Biden Trip Shows Europe United Over NATO, Divided On Sanctions

Joe Biden and Polish President Bronislaw Komorowski, right, talk under Solidarity trade union flag in the presidential palace after their meeting in Warsaw, March 18, 2014. Janek Skarzynski/AFP/Getty Images

Vice President Joe Biden's trip to Poland and Lithuania had a dual mission: show support of NATO allies in Russia's backyard while also considering ways to wean these countries off their dependence on Russia, especially its oil.

And while all the leaders he met expressed a desire to work together under NATO's principle of collective self-defense, there were clear rifts, even between neighbors, over how hard to hit Russia with economic sanctions in response to its takeover of the Ukrainian region of Crimea.

Estonia's president Toomas Ilves was vehement Tuesday in his desire for the European Union to impose severe sanctions on Russia, regardless of the impact on energy supply.

"The response should not be about the price of gas," he said during a joint press statement with Biden in Warsaw, Poland.

A senior administration official told reporters during the trip that Biden had received assurances that Ilves and his Polish counterparts would call for tough sanctions on Russia during Thursday's gathering of European Union leaders in Brussels, Belgium.

But going into that meeting, not everyone in the Baltic region expressed the same enthusiasm for sanctions as their colleagues. Just after visiting with Biden Wednesday, Lithuania's Dalia Grybauskaite warned that economic sanctions on Russia would backfire on the West.

"I know how Russians think and believe me they don't care about economic sanctions. And if economic sanctions were introduced today, horizontally, this will touch every Russian citizen and will be used by Putin to say 'Look, I am not guilty it's the West, Americans and Europe who are doing bad things to you,'" she said, per the Wall Street Journal.

The president of Latvia, Andris Berzins, emphasized his desire for long-term energy independence from Russia, a goal the United States shares, over sanctions that could not only cut off his country's oil supply but throw its economy into a tailspin.

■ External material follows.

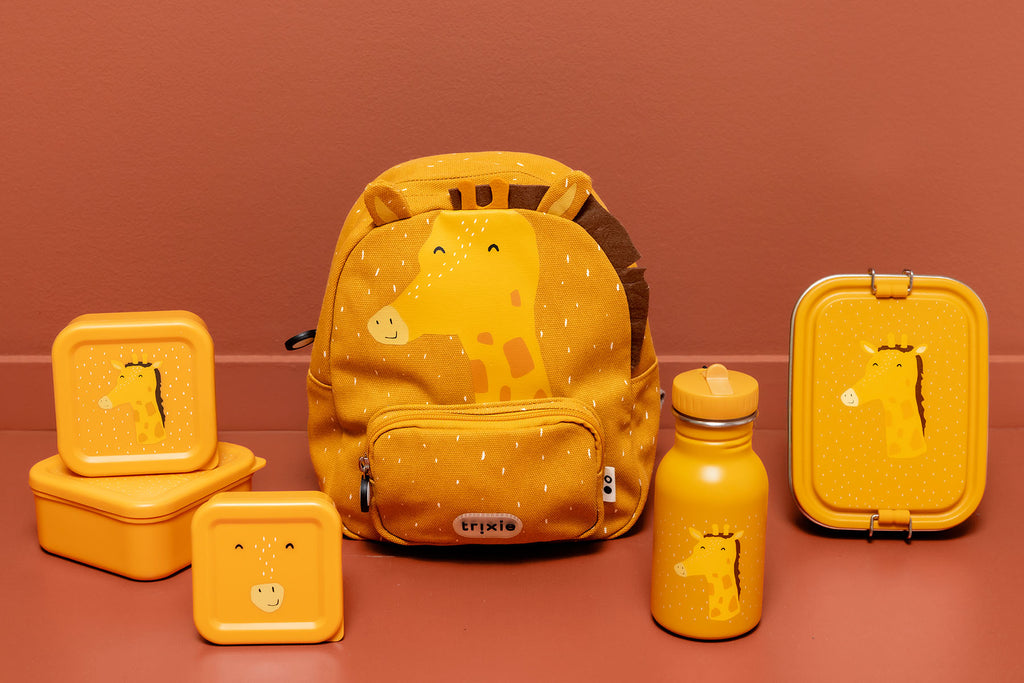 Trixie Backpack small - Mr. Giraffe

"I would like to underline the need to accelerate the construction of gas [pipeline] linking Poland to Lithuania and further on to Latvia," he said during a joint press statement with Biden and Grybauskaite in Lithuania.

Despite the divisions among the countries he visited over sanctions, Biden continuously underscored their unity on collaborating within NATO.

"Our intent is that NATO emerge from this crisis stronger and more unified than ever," he said Tuesday in Poland.

And even the optics of the visit reinforced the notion that the countries were standing together against Russia. During his visit with Polish president Bronislaw Komorowski, Biden posed with him under a flag from the country's famous anti-Soviet movement whose name contains a single English word: "Solidarity."